For inference, Morfd can operate in two modes:
- Optimistic Verification (Commitment-Only):
- The pipeline references the public model (e.g., Stable Diffusion) by a known hash.
- The private LoRA is referenced by the on-chain commitment generated during training.
- The input parameters (prompt, seed, etc.) and final outputs (images) are addressed via IPFS CIDs.
- By verifying these references (model hash, LoRA hash, input data CID) and reproducing the same inference steps, third parties gain confidence that the claimed LoRA and data produced the stated result—without the LoRA ever being revealed.
- Zero-Knowledge Verification (ZK Proofs):
- Morfd optionally leverages a ZK-capable agent that runs inference inside a ZK circuit, proving correctness of the pipeline (public model + private LoRA + provided input) without exposing LoRA details or intermediate computations.

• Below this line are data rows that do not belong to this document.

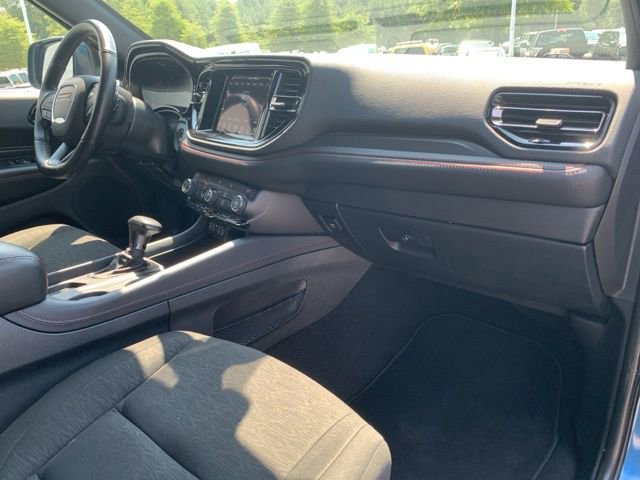 Used 2024 Dodge Durango GT image 47
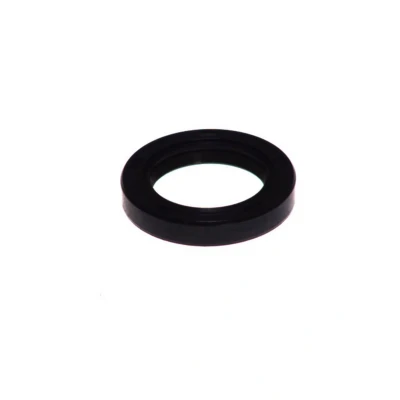 Immagine di PAYEN NJ381 Paraolio Albero Motore NBR (Nitrile Butadiene Caucciù) HONDA: CIVIC 6 Hatchback, HR V I, 4 ROVER: 200 Hatchback
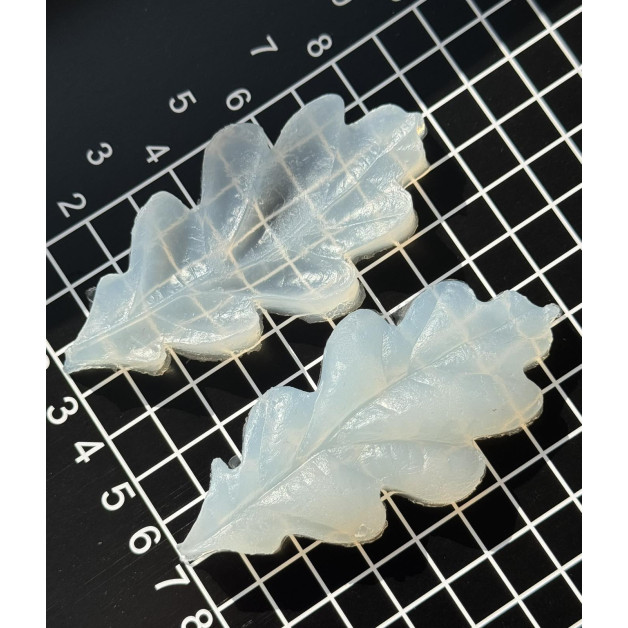 вайнер Листок Дуба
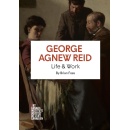 Artist, Designer, Educator, and Arts Advocate, George Agnew Reid Helped Create the Art World Canadians Enjoy Today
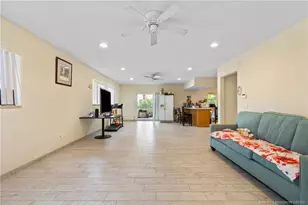15848 129th Pl N, Jupiter, FL 33478 - Photo 17
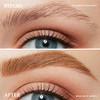 Kaely Thickening Brow Mascara Tinted Eyebrow Gel Waterproof Eyebrow Color Makeup Vegan Cruelty Free Maquillaje Gel Para Cejas A Prueba De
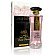 Ard al Zaafaran Rose Paris Night Woda perfumowana spray 65ml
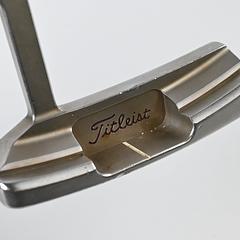 Scotty Cameron California Honey Dip Monterey Putter / 34 Inch - Image 4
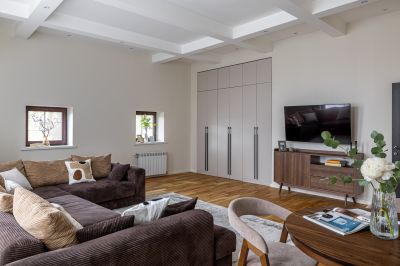 photo 688b9e8909044_thumb.jpg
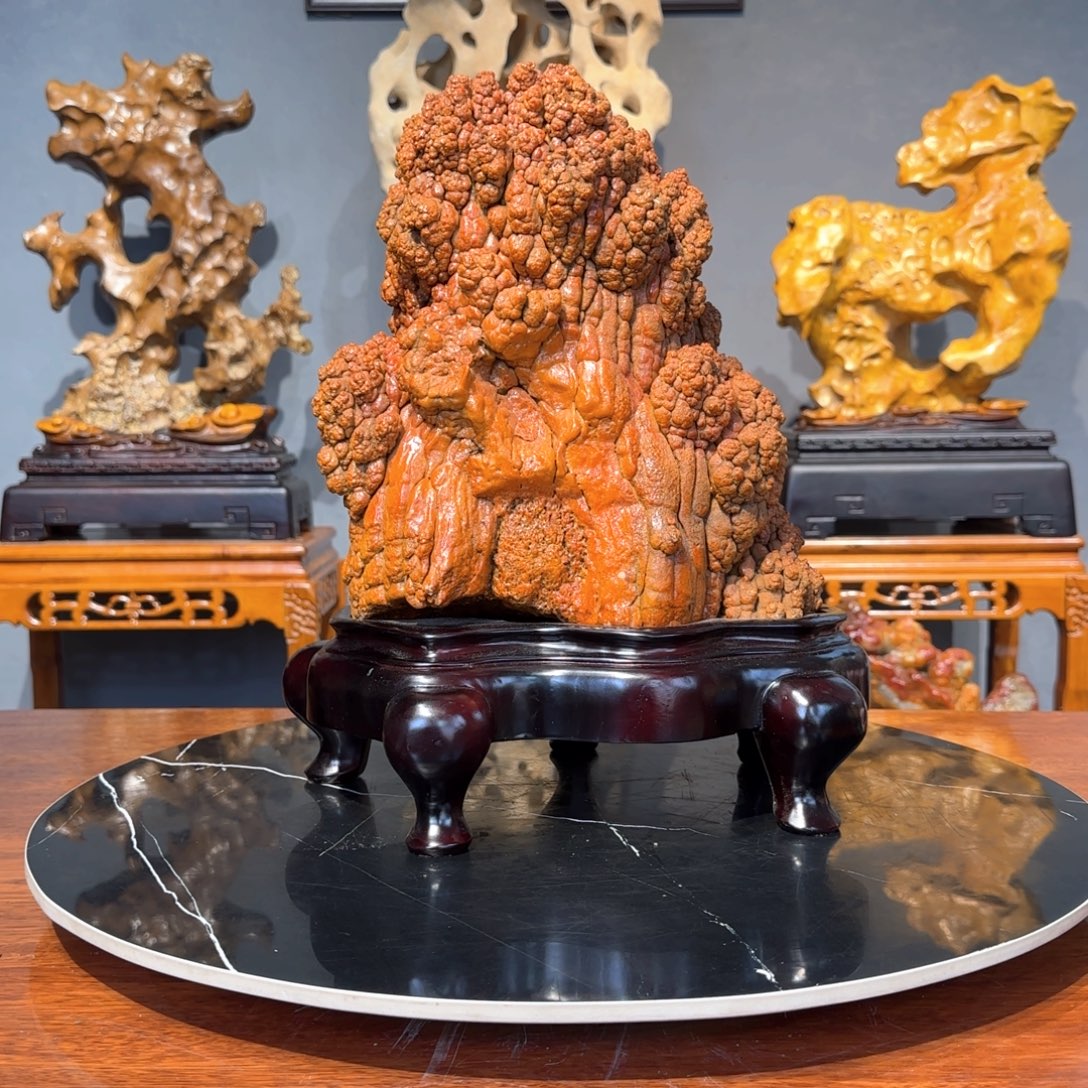 ʚ***ɞ石材戈壁11111111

- The resulting ZK proof attests that the final image was generated exactly as claimed, from the committed LoRA and public model.
- On-chain or off-chain verifiers can confirm the proof’s validity without trusting the agent or learning any private weights.
By combining the content-addressable workflow—where training data, model weights, and inference inputs are all stored as IPFS CIDs—with commitment schemes or ZK proofs, Morfd provides an auditable yet privacy-preserving solution. Creators retain control over their proprietary training materials, while end users (and smart contracts) can cryptographically verify that any resulting LoRA or inference output is authentic and corresponds to the expected pipeline.